By Penelope Paliani-Kamanga
LILONGWE - About 600 troops from SADC countries have converged at Malawi Armed Forces College (MAFCO) in Salima for a special training dubbed Umodzi.
The high-profile command post exercise has been code-named "Exercise Umodzi" for its desire to unite the bloc and has attracted all countries from SADC in preparation for their African Union standby peacekeeping lead duties, which it assumes between January and June next year.
Exercise director, Major General Alick Mhone, said at a press conference in Lilongwe that the exercise will among other things harmonise the SADC Standby Force (SF) preparatory procedures on what they should do, how they should work and how they should communicate when a crisis like wars and genocide come.
“The SF will be on standby in January, 2019 to be deployed anywhere in Africa where there will be need and this will assist them when they are deployed in the countries,” he said.
He said that the exercise focuses on a core undertaking testing mission leadership, command management, including critical staff complements.
Director of information and SADC national media coordinator for Malawi, Gideon Keith Munthali, said it was an honour for Malawi to be chosen to host this exercise as it is an important exercise that involves militaries from the SADC region.
He said the exercise will not only increase the feeling of security but will also increase the feeling of belonging to a big strong region.
“This training is different from other trainings as it may involve a heavy presence of military officers, military hardware as well as military planes flying in the country and with all those kind of things, people might begin to speculate or be afraid that something wrong is happening in the county but the public has to know that it is a normal military exercise that Malawi has been ordered to host,” said Munthali.
Internal communication and relations officer in the SADC Communication and PR Unit, Jocelyne Lukundula, said it was important to participate in this exercise because it has brought together citizens of the same region.
She said SADC was planning to do a documentary about this exercise and share it around the world in order to show people how ready the region was for the exercise.
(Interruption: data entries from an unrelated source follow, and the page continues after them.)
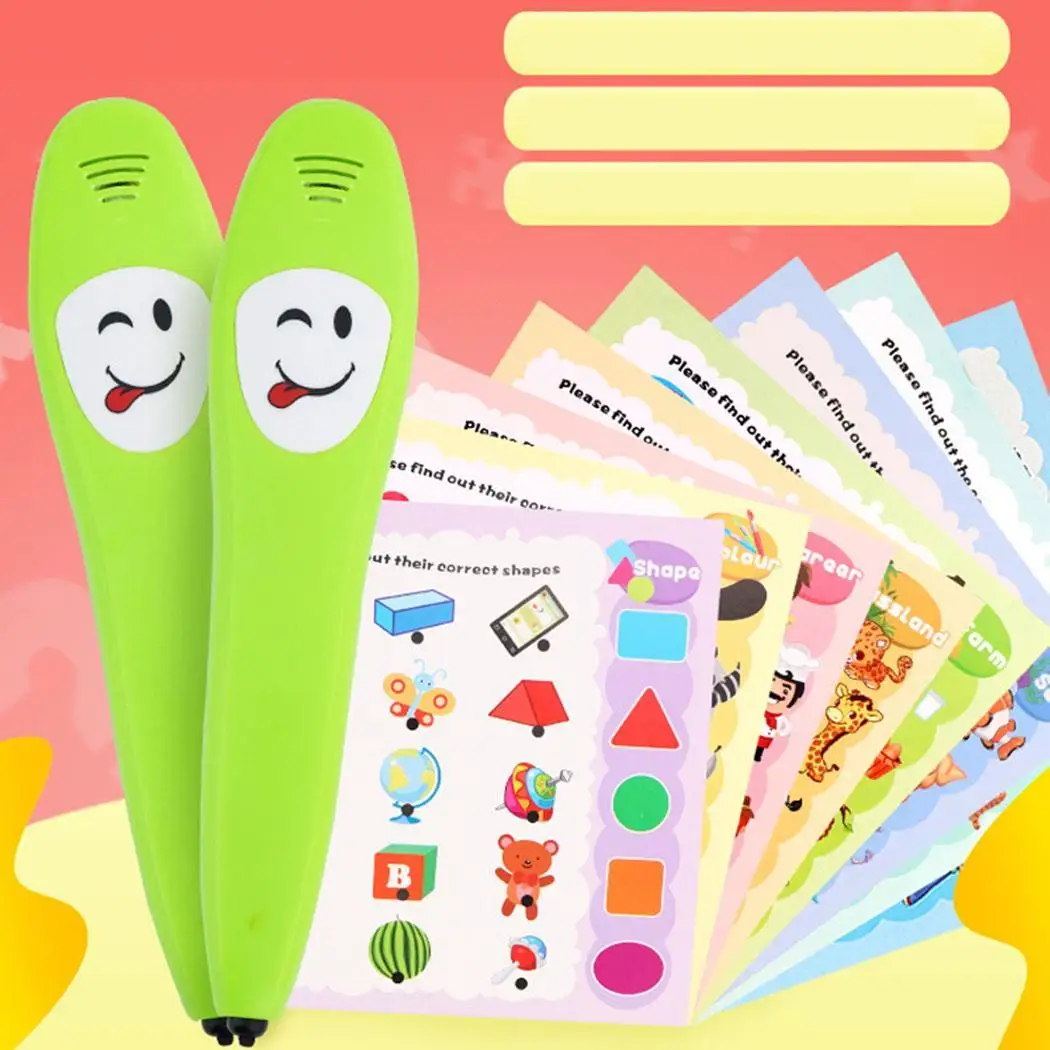 Multi function электронный мультфильм Smart Learning Pen зеленый с повседневное чтение книги
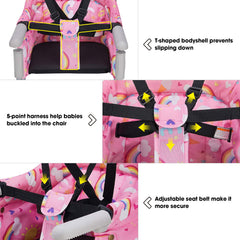 VEEYOO hook-on chair five-point harness secures baby during meals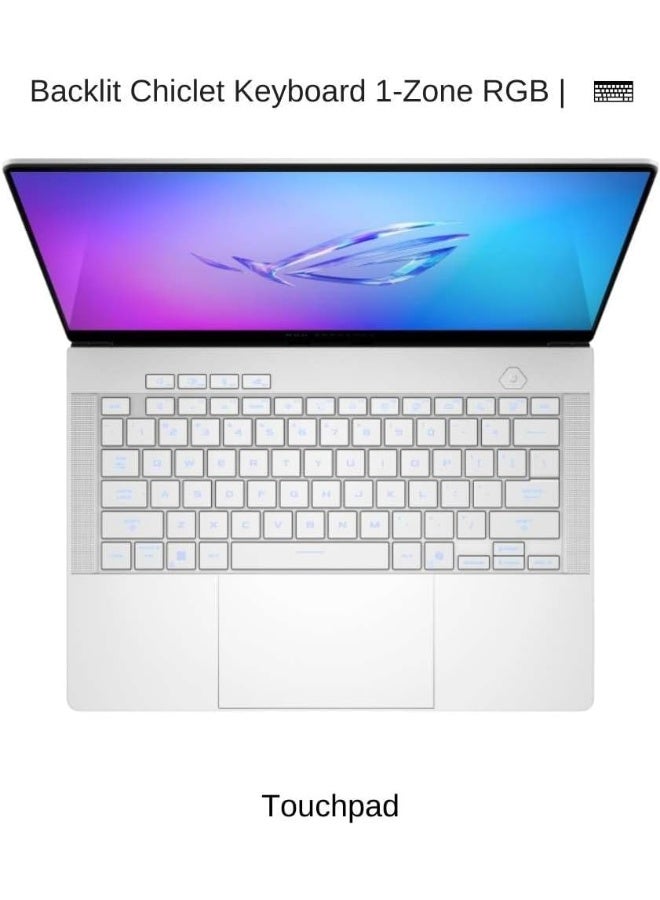 أسوس (Upgraded Version) ROG Zephyrus Laptop With 14-Inch 2.8K (2880x1800) Display, AMD Ryzen 9 270 Processor/16GB RAM/2TB SSD/8GB Nvidia GeForce RTX 5060 Graphics/Windows 11 Home/ English/Arabic Platinum White - Image 2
The exercise would bring together members from the military, police, correctional services and civilian sectors from all SADC regions as part of preparations for the standby force and will also help inform citizens of the SADC region that their region owns a military force to intervene anytime.
The exercise will also test operational level structures of peace support operations (PSO) and to some extent validate actions of tactical levels in line with the strategic framework captured in the exercise mission.
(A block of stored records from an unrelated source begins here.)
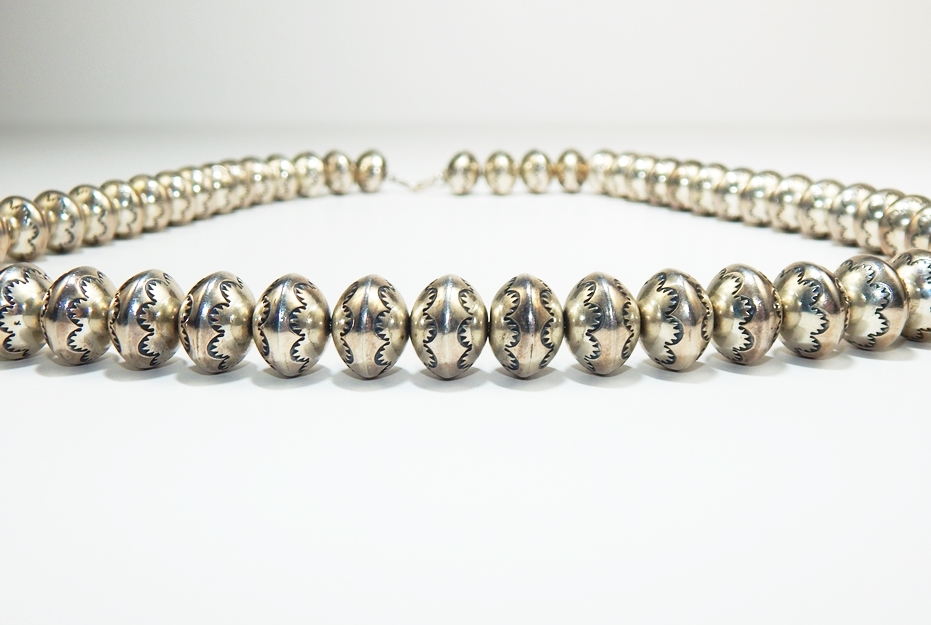 Sterling Old Pawn Larry Pinto Navajo Bead Necklace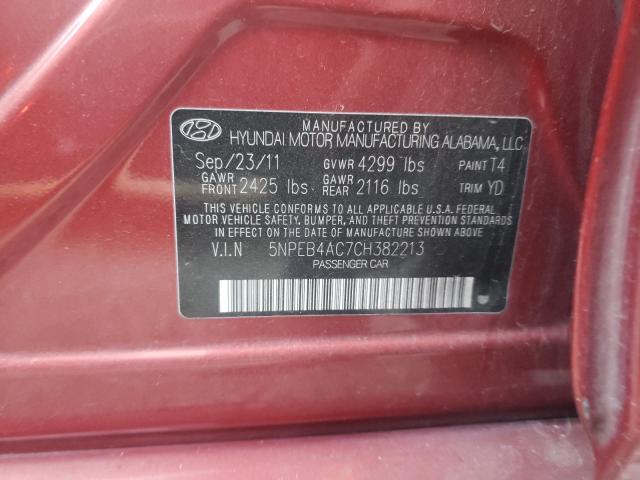 Photo 9 VIN: 5NPEB4AC7CH382213 - HYUNDAI SONATA GLS 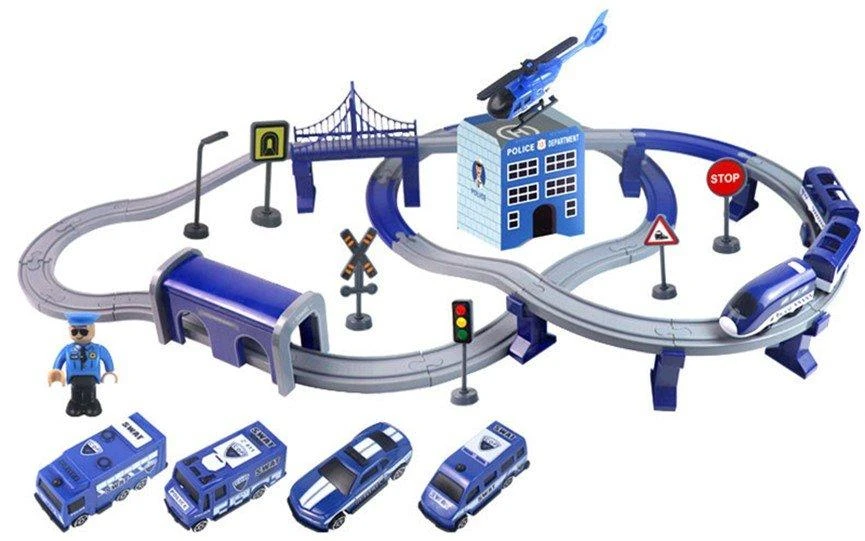 Lean Cars Policijos miesto traukinio rinkinys mėlynas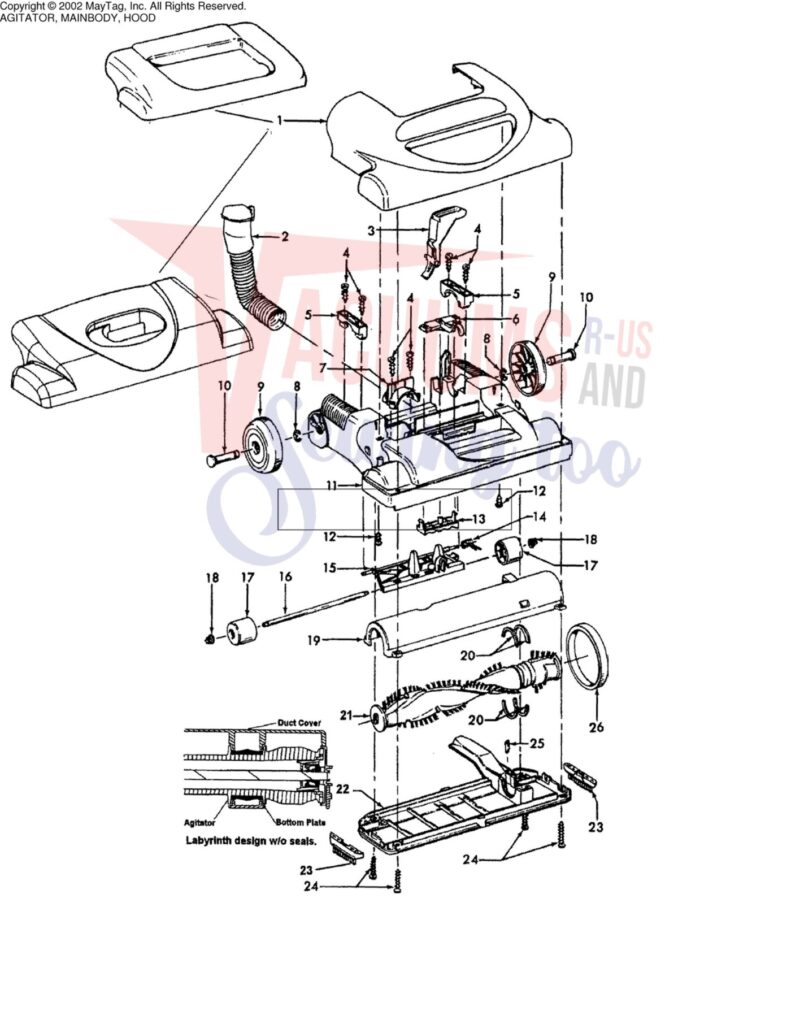 Hoover U53029 exploded schematic diagram (page 2)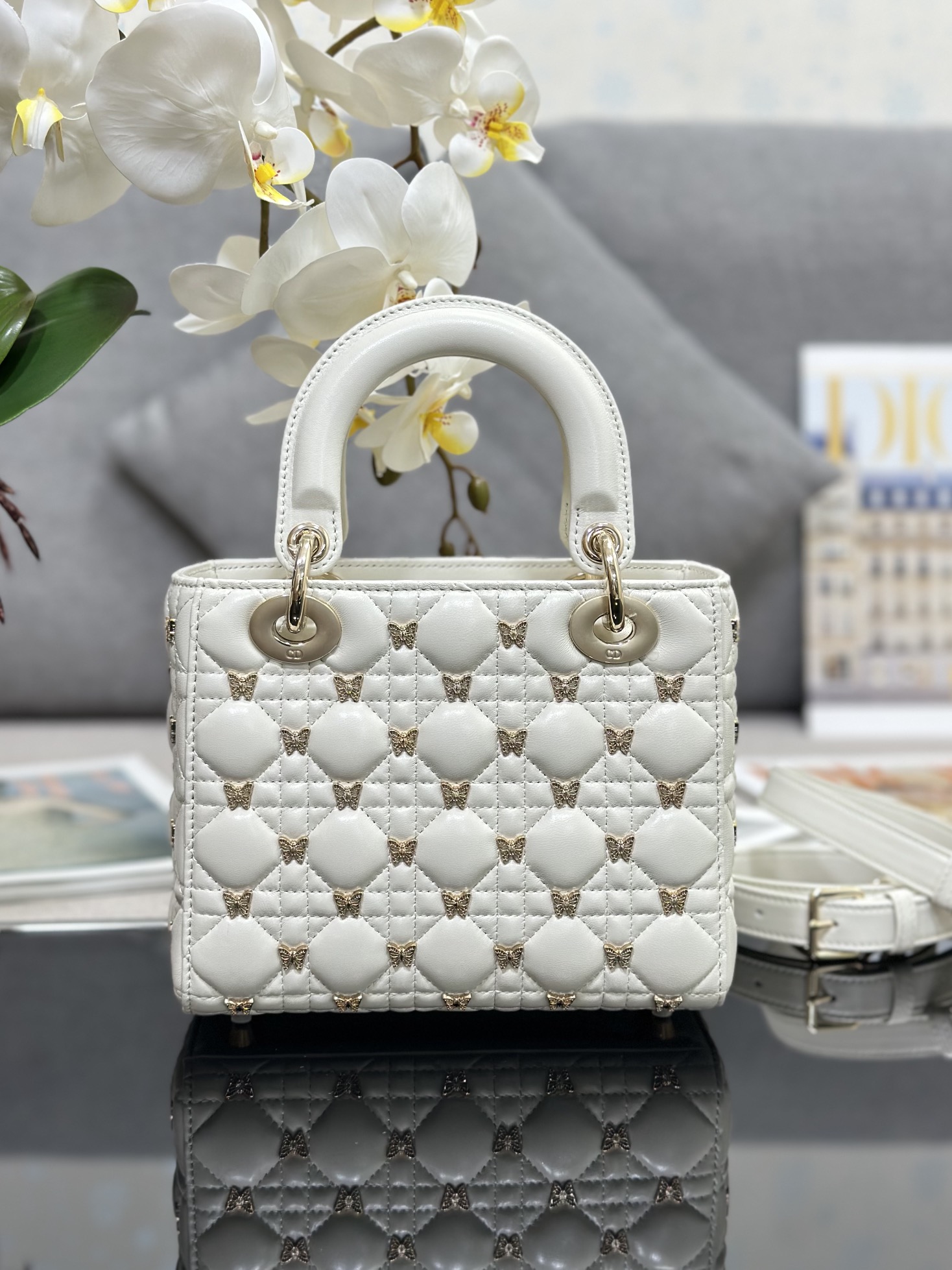 Small Lady Dior Bag White Lambskin with Butterfly Nail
The focus will also be on multidimensional mission level deployment of headquarters staff compromising all components, civilian, military and police in specific.
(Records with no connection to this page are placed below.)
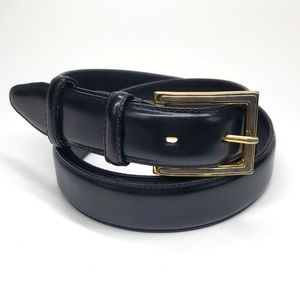 Perry Ellis Black Full Grain Cow Hide Leather Belt 42 EUC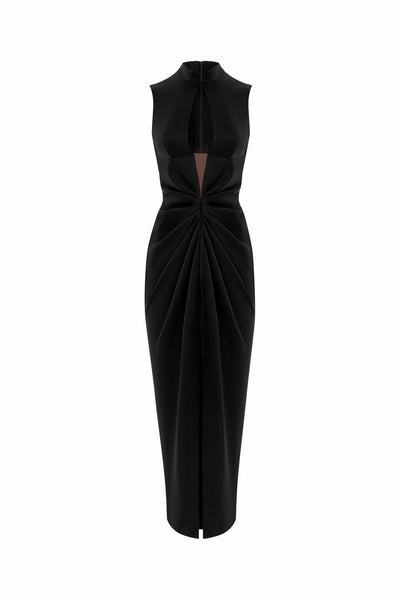 Draped satin midi dress with a cutout – Color: Black – RASARIO Online Boutique 36 (FR) / Black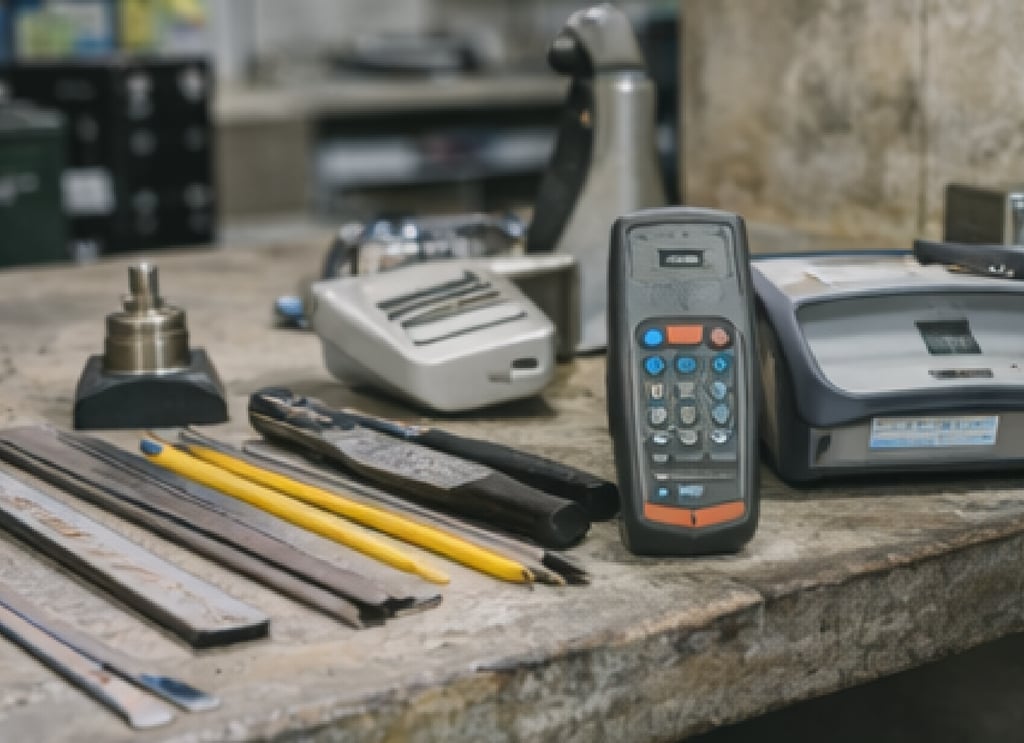 Herramientas y dispositivos de medición para control técnico de materiales.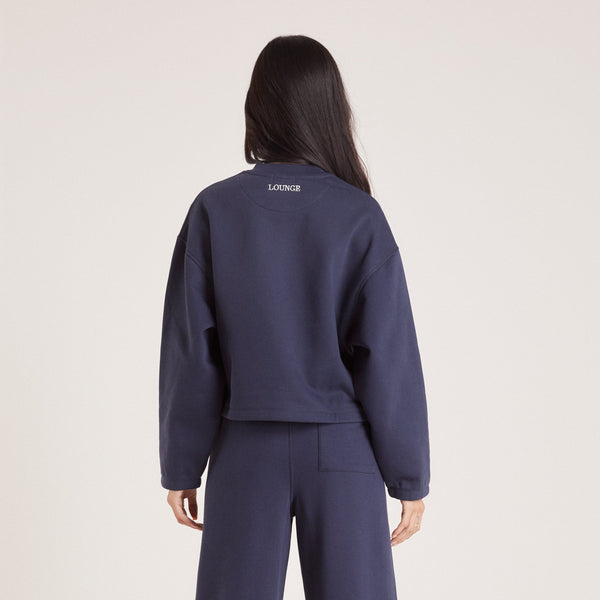 lounge underwear Quarter Zip Jumper - Ink Blue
Zimbabwean troops were the first to arrive in Malawi and speaking during a send-off parade at One Commando Regiment last week, Commander Zimbabwe Defence Forces, General Philip Valerio Sibanda, urged the contingent to be good ambassadors.
Gen Sibanda was quoted in The Herald saying that the exercise would prepare the participants to adjust to modern-day complexities associated with peacekeeping operations.
"The aim of the command post exercise is to highlight to you some of the complexities associated with a modern-day peace support operations scenario. The desire for integrated training within the context of a SADC standby force enhances cohesion and reduces confusion within a multinational force in the event of a need for a rapid response,” he said.
He urged the participants to display flawless discipline during the exercise since their actions would impact on the whole country.
"The exercise you are going to participate in is a SADC regional level, hence it calls for a high standard of discipline, self-motivation, hard work, initiative and full individual commitment, as your performance will reflect on our nation's level of skills and knowledge preparedness," he said.
Gen Sibanda said joint training programmes among regional forces was paramount in achieving peacekeeping goals and that continued joint training amongst regional forces was, therefore, very necessary to achieve the desired goals of these missions.